Aim of the exercise:
The entries that follow should come back exactly, with no pictures among them.

Provided information:
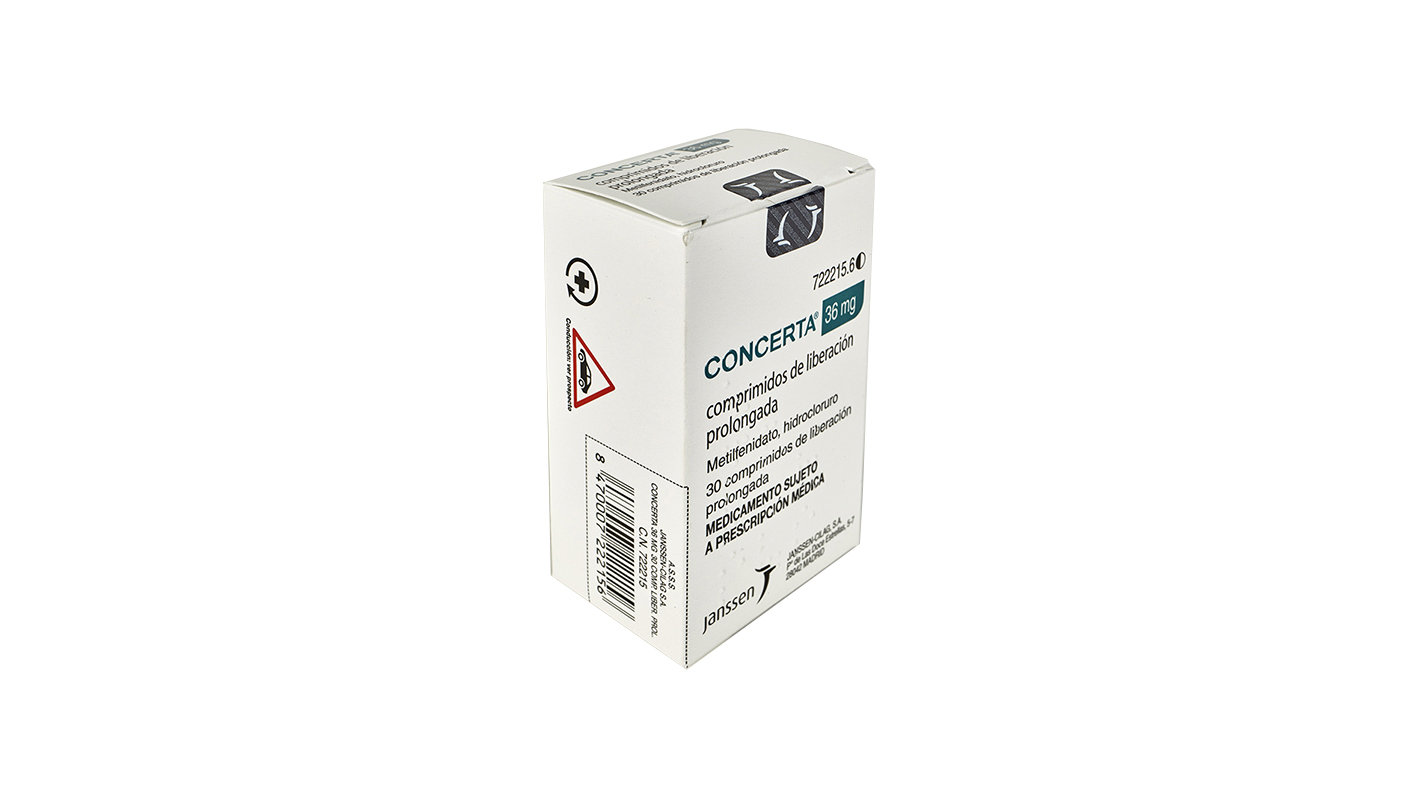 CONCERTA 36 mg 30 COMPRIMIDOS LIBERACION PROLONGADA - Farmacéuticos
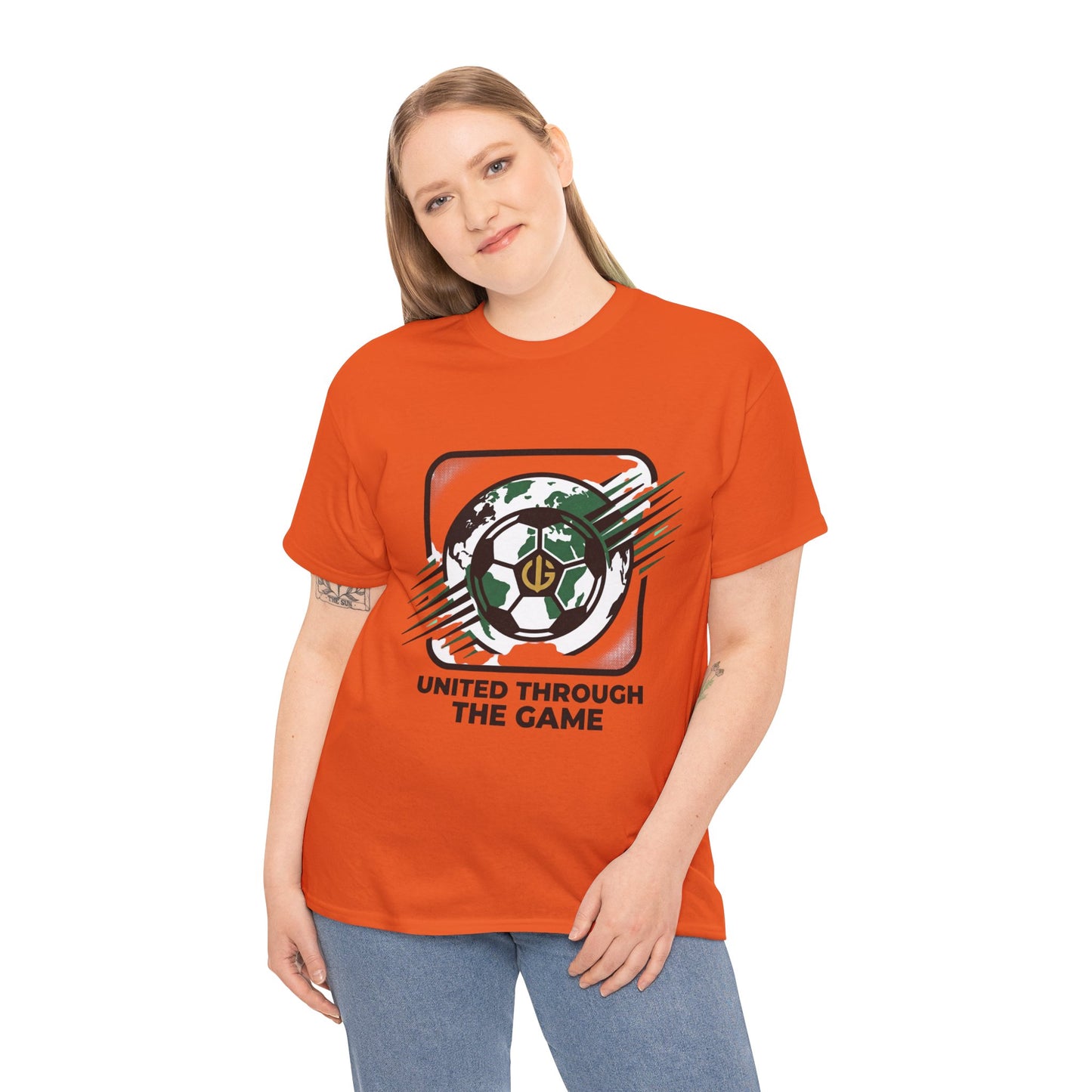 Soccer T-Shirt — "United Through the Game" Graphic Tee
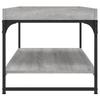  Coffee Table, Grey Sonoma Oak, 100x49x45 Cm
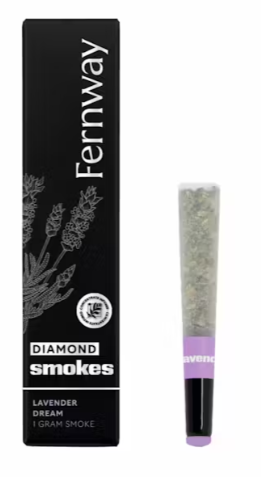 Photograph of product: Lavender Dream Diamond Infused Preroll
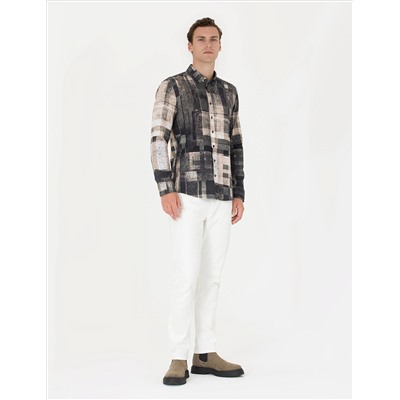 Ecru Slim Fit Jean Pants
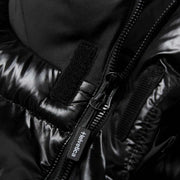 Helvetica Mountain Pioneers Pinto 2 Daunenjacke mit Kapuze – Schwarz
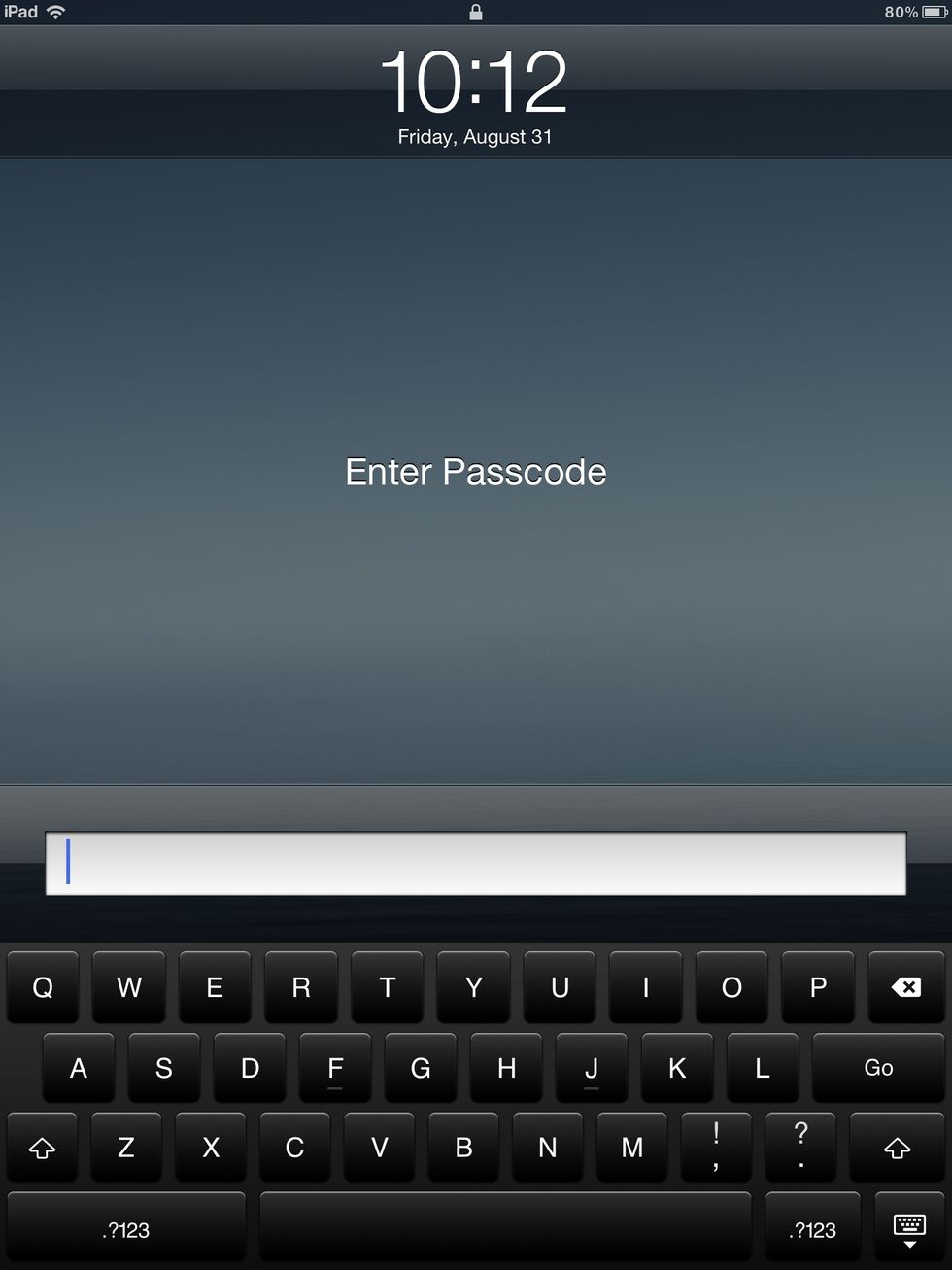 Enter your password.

Solution to this exercise:
 CONCERTA 36 mg 30 COMPRIMIDOS LIBERACION PROLONGADA - Farmacéuticos
 Soccer T-Shirt — "United Through the Game" Graphic Tee
  Coffee Table, Grey Sonoma Oak, 100x49x45 Cm
 Photograph of product: Lavender Dream Diamond Infused Preroll
 Ecru Slim Fit Jean Pants
 Helvetica Mountain Pioneers Pinto 2 Daunenjacke mit Kapuze – Schwarz
 Enter your password.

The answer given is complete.